Séminaire n°5
Quand les affects confondent parole et musique
Intervenant : Bernard Lortat-Jacob, directeur de recherche honoraire au CNRS, CREM/CNRS
Contact : lortat.jacob(at)free.fr ; http://lortajablog.free.fr/
Date : 11/05/09
Résumé :
Le champ des affects se partage sur le plan sonore entre la langue et
la musique, dans des conditions que je me propose d’analyser. Un modèle
semble à première vue s’imposer, qui donne à la langue une fonction
fortement attributive et faiblement affective, et à la musique, une
fonction fortement affective et faiblement attributive.
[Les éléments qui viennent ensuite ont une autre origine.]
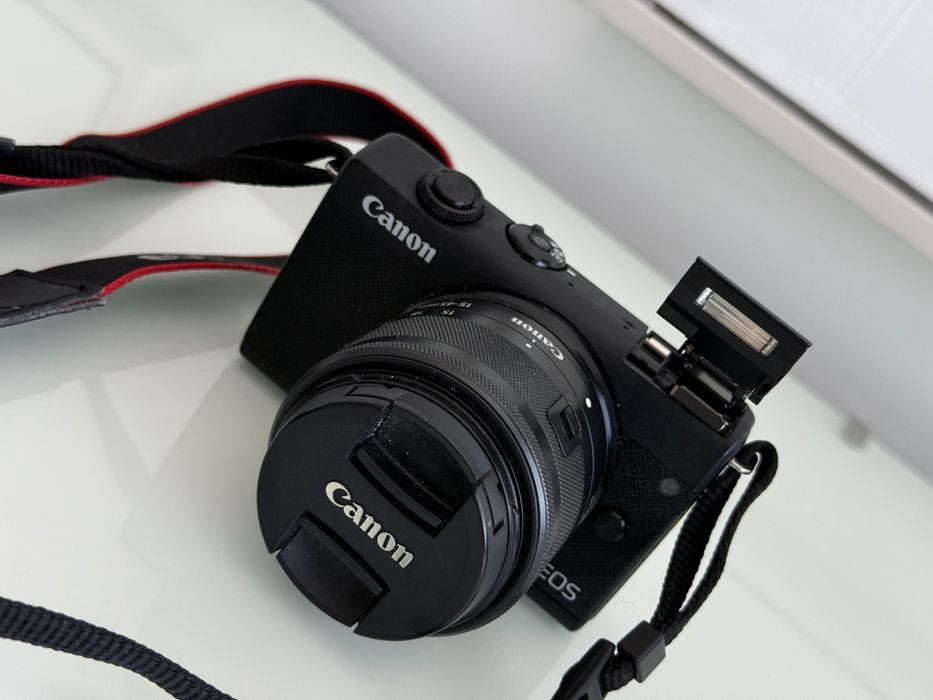 Canon EOS M200 Preta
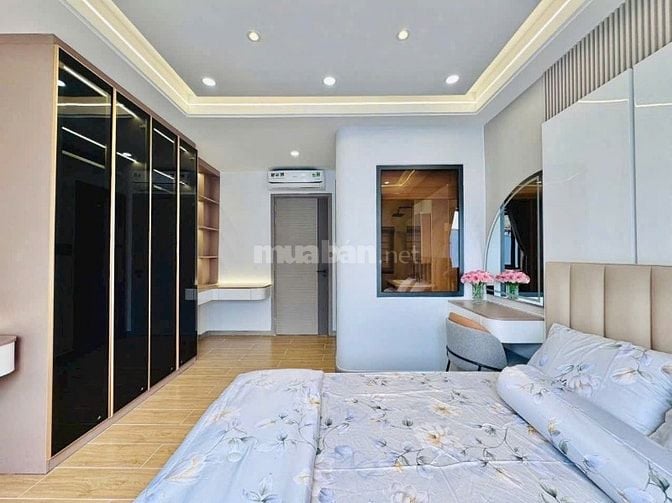 Chưa tới 4 tỷ. Nhà 52m2 Trần Hưng Đạo gần CA Tp, xây 4 tầng. Sổ riêng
Trois cas
envisagés permettent de repenser ce clivage classique. La musique,
certes, est liée aux affects, mais pas exclusivement. C’est ainsi que
dans une situation de stricte tradition orale, en Albanie ou en
Sardaigne, les chanteurs (s’)émeuvent en chantant, bien sûr; mais
surtout, ils objectivisent leurs rôles en les rendant audibles, se
reconnaissent des paternités stylistiques et disent en définitive qui
ils sont. La langue, pour sa part, est fondamentalement dotée de
propriétés musicales. Aussi est-ce à partir de contours intonationnels
finement mélodisés qu’une femme sarde, par sa maîtrise de divers
registres phoniques, a la possibilité de désigner ses destinataires
sans même les nommer [je montrerai quelques schémas intonationnels
particulièrement signifiants]. Une autre femme (albanaise, celle-ci)
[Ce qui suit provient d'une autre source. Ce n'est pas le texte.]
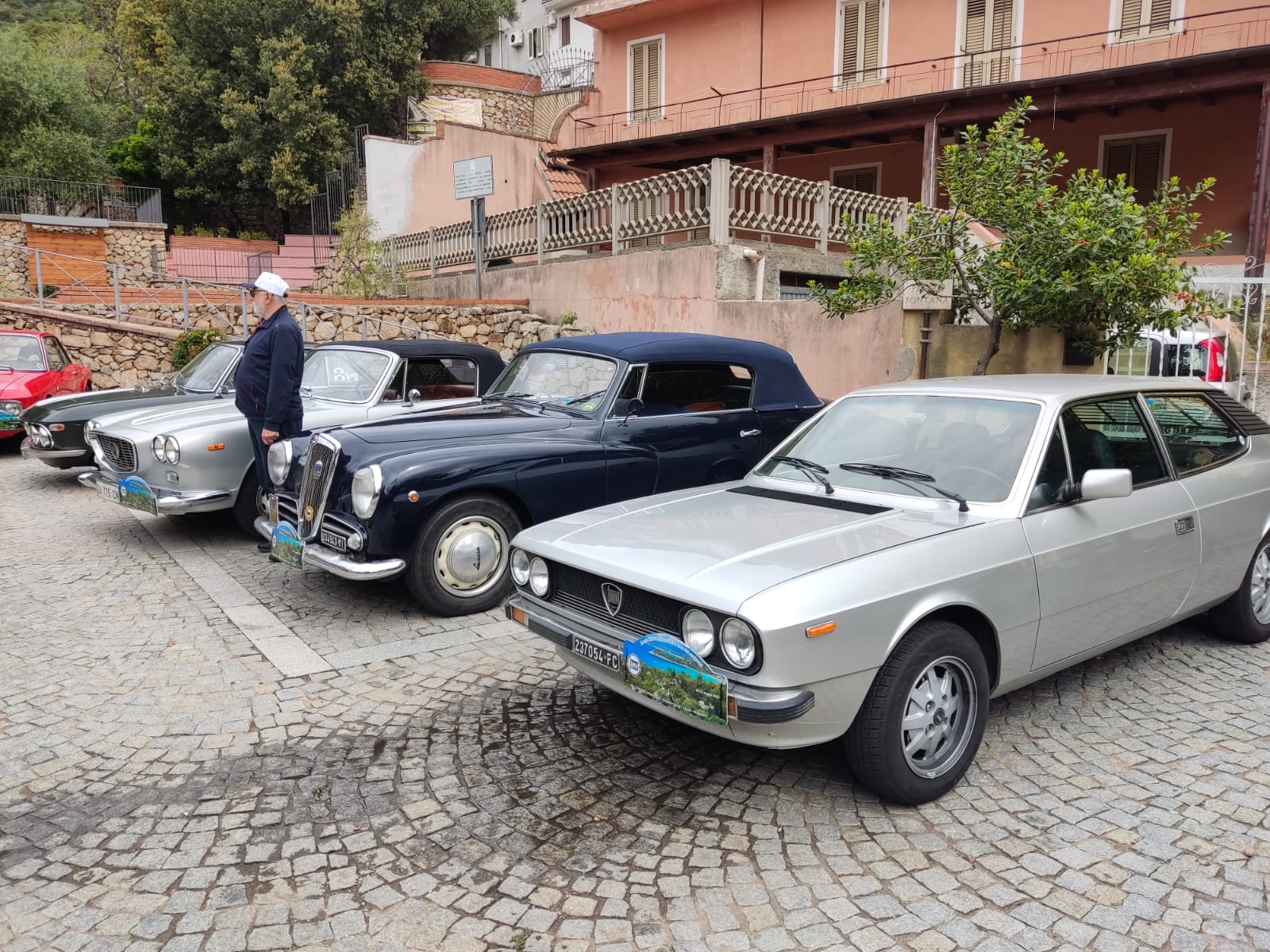 Auto d’epoca, in Ogliastra il raduno delle storiche Lancia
n’utilise pas les mots de sa langue lorsqu’elle est en famille : elle
babille surtout et organise son discours à partir de petits cris
finement modulés qui se distinguent sémantiquement les uns des autres
par leur profil sonore. La communication affective se voit donc dotée
d’un étrange pouvoir : celui de faire disparaître des clivages
ordinaires et de confondre ce que les champs disciplinaires
ordinairement distinguent : la langue et la musique.
Mots-clés : linguistique, ethnomusicologie, anthropologie, tradition orale, prosodie, pragmatique, acoustique.